Please avoid copy&paste code. The common code can be extracted into a separate function.
However, I don't think a version taking a Loop info is even necessary. See comment below.
[serious] As far as I understand, the only reason this instantiates a pass manger is to use the cloneLoopWithPreheader function. However, it is sufficient to clone all block from CanonicalLoopInfo::getHeader() to CanonicalLoopInfo::getAfter(). Since the ExitBlock is guaranteed to be the only exit out of the loop (at least until I can introduce breaks; D124823 is a step into that direction), all blocks in the loop can be simply enumerated and cloned without cloneLoopWithPreheader.

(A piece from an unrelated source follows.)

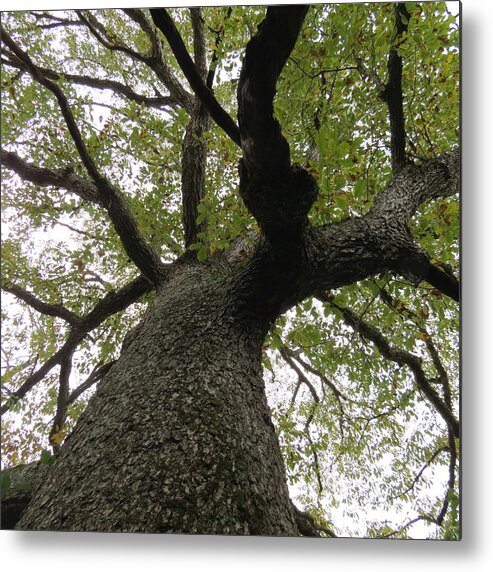 Tree Metal Print featuring the photograph Looking Up a Tree by Eric Switzer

This functionality is probably useful for implementing any loop versioning for if-clauses and should probably made its own method.
I decided to modify createCanonicalLoop interface, because omp loop trip count was calculated outside the loop preheader.
I needed to calculate trip count inside loop preheader because I used cloneLoopWithPreheader function. This function needs a BasicBlock which dominates. If we create loop trip count outside loop preheader then we cannot use loop preheader as dominator block.
According to your comments we can omit cloneLoopWithPreheader function call. In consequence there is no need to modify createCanonicalLoop function.
Implemented simd if clause- applying review remarks:
- Use simplified cloning mechanism (without cloneLoopWithPreheader).
- Removed addLoopMetadata(Loop *L, Metadata) function.
- Added more tests.
I do not use cloneLoopWithPreheader function any more, but I still need pass manager to define Loop blocks. Original applySimd function also uses pass manager for defining loop blocks. Please let me know if you have better idea, how to extract all body blocks.
As mentioned, I think this can be integrated into the existing applySimd methods. All it does need is the IfCond argument, and if it is set, implement the loop versioning. After that, use the same code to attach the metadata.
collapseLoops can be called by the translation layer to get a single CanonicalLoopInfo handle to be passed to this function.
Enumerating loop block without LoopInfo will be possible after D124823. Instantiation of an entire pass manager infrastructure does not scale well and should not be a long-term solution. It runs DominatorTree, LoopInfo etc on the entire function. n loops in the function have a complexity of at O(n³), because DominatorTree is already O(n²).
Do not collapse loops inside function responsible for applying SIMD metadirectives
Added special function for loop versioning
LGTM, this turned out really nice. Thank you!
Some nitpicks left. Please apply before committing.
This could be made private as front-ends are encouraged to use the IfCond argument for the relevant instead that may implement specialized behavior (like passing the value to the runtime).
It still might be useful for front-ends (eg implementing dynamic metadirective), but I'd wait to such use cases to occur before adding this to the public API.
Edit: I noticed it is tested in the unit test, which requires it to be public.
Could you add a TODO/FIXME comment mentioning that we should not depend on a pass manger?
operator may modify the underlaying hashtable.
The name MappedLatch is more meaningful than MappedValue.
I moved it to private and I removed corresponding unit test. This functionality is also tested by applySimdLoopIf unit test.